BEGIN Record extracts

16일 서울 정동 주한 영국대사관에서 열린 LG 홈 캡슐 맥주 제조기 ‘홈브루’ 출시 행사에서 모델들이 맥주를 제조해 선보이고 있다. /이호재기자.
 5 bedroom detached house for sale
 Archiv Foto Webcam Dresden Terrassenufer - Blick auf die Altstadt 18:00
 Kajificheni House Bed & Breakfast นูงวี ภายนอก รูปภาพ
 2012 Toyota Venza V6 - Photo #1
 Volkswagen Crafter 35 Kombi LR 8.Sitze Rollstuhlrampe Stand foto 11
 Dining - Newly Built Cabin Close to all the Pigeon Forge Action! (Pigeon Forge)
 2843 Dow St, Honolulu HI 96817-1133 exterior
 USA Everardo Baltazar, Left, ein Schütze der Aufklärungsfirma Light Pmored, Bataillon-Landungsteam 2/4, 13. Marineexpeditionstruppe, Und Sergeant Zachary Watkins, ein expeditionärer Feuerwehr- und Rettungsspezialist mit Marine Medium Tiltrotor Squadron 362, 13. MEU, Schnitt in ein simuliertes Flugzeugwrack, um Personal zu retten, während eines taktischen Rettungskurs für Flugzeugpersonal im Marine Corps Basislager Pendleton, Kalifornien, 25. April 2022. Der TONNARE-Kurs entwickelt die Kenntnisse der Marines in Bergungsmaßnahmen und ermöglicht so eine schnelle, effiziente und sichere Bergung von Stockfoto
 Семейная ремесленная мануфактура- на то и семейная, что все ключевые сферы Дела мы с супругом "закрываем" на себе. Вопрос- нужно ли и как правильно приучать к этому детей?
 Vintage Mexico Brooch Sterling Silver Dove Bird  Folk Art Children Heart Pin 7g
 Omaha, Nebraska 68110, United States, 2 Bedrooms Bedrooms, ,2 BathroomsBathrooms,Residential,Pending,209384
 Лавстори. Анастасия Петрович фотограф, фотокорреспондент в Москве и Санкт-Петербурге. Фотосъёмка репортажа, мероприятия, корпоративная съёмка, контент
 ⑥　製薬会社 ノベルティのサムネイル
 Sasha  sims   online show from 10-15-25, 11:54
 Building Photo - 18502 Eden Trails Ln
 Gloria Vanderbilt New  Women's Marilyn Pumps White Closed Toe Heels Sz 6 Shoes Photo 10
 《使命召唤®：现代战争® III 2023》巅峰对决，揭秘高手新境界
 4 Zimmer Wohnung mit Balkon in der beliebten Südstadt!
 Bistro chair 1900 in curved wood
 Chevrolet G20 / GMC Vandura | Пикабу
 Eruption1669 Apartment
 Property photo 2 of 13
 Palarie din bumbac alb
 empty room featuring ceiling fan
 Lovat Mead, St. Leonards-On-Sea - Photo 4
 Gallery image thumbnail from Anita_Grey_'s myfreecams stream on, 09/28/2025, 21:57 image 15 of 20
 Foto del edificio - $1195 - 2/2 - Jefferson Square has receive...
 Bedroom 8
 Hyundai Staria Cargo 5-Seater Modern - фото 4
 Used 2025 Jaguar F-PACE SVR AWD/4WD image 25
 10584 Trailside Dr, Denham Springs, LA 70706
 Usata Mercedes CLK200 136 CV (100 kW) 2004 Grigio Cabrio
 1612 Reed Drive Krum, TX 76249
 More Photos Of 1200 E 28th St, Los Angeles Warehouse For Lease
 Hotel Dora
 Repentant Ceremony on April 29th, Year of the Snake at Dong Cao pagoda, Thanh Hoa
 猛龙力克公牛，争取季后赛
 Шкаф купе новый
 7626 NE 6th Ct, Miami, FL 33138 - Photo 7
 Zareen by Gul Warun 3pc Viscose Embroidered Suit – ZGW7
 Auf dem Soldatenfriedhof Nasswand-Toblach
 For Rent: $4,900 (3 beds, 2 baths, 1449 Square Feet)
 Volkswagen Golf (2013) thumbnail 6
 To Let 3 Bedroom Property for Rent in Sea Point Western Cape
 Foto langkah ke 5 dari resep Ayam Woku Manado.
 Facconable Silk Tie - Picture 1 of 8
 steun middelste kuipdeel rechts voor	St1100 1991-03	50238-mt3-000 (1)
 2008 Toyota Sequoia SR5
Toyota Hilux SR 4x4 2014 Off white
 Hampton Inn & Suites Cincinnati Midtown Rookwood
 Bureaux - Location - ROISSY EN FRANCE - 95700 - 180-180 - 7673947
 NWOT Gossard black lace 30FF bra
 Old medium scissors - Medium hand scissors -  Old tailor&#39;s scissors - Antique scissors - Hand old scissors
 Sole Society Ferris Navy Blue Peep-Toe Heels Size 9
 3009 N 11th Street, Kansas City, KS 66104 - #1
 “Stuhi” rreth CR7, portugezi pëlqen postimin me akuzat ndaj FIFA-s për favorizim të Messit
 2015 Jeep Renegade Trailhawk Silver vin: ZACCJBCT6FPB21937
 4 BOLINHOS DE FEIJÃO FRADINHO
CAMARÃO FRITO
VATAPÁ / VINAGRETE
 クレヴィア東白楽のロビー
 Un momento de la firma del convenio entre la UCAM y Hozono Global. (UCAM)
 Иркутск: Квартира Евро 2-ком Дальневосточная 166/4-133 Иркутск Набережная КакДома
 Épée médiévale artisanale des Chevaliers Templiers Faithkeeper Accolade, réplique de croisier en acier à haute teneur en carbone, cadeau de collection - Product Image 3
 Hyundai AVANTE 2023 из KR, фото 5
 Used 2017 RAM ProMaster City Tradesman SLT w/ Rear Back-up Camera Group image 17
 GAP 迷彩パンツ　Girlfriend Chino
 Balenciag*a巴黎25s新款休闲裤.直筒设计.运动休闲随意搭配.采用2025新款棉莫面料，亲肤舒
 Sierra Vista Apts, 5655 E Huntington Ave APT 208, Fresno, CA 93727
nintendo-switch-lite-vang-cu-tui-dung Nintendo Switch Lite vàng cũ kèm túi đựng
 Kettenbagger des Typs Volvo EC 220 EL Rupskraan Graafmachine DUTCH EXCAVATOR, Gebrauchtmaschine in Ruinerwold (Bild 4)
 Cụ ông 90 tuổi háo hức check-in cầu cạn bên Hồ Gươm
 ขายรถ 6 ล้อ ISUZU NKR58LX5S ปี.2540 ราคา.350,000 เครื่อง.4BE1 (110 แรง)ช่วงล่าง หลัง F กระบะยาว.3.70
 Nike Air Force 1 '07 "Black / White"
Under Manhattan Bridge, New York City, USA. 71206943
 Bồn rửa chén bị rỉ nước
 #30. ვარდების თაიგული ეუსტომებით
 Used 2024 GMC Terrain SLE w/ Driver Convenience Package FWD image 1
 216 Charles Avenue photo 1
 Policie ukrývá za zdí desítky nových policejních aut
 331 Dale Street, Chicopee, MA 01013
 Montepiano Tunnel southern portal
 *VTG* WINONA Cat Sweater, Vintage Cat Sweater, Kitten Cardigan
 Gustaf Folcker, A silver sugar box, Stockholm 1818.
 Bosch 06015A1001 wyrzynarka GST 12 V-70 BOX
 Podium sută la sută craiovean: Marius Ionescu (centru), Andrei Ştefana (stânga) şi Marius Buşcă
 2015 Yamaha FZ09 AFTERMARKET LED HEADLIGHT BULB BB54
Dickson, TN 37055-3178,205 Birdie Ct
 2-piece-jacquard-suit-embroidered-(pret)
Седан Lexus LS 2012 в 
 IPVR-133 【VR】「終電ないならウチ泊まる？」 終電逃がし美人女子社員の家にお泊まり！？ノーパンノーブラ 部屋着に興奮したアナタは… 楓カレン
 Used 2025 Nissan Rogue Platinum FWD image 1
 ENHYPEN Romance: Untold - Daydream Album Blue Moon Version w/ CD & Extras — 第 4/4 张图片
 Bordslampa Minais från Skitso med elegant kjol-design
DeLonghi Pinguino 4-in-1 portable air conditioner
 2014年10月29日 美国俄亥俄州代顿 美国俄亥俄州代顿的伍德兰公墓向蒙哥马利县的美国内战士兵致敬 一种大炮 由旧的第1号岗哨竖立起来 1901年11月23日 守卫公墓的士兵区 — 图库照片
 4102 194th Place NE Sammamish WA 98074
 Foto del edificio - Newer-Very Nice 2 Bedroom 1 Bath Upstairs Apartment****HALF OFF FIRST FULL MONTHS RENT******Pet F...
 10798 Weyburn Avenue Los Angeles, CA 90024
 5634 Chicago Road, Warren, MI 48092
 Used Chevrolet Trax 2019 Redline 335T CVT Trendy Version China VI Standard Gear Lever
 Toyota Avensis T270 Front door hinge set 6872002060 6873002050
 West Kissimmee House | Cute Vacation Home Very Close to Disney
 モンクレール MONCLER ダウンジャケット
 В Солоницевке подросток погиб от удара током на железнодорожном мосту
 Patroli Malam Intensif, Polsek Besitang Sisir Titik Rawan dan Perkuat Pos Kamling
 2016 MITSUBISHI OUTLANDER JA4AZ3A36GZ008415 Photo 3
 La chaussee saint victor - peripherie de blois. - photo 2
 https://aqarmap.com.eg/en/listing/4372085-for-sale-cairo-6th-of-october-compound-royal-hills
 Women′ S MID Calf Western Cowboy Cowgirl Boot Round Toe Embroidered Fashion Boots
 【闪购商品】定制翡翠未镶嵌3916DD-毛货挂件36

END Record extracts

Required work
Beginning with the first line of the listing above, print each line exactly until you have printed the line that contains "2843 Dow St, Honolulu HI 96817-1133 exterior".

Result of the exercise
16일 서울 정동 주한 영국대사관에서 열린 LG 홈 캡슐 맥주 제조기 ‘홈브루’ 출시 행사에서 모델들이 맥주를 제조해 선보이고 있다. /이호재기자.
 5 bedroom detached house for sale
 Archiv Foto Webcam Dresden Terrassenufer - Blick auf die Altstadt 18:00
 Kajificheni House Bed & Breakfast นูงวี ภายนอก รูปภาพ
 2012 Toyota Venza V6 - Photo #1
 Volkswagen Crafter 35 Kombi LR 8.Sitze Rollstuhlrampe Stand foto 11
 Dining - Newly Built Cabin Close to all the Pigeon Forge Action! (Pigeon Forge)
 2843 Dow St, Honolulu HI 96817-1133 exterior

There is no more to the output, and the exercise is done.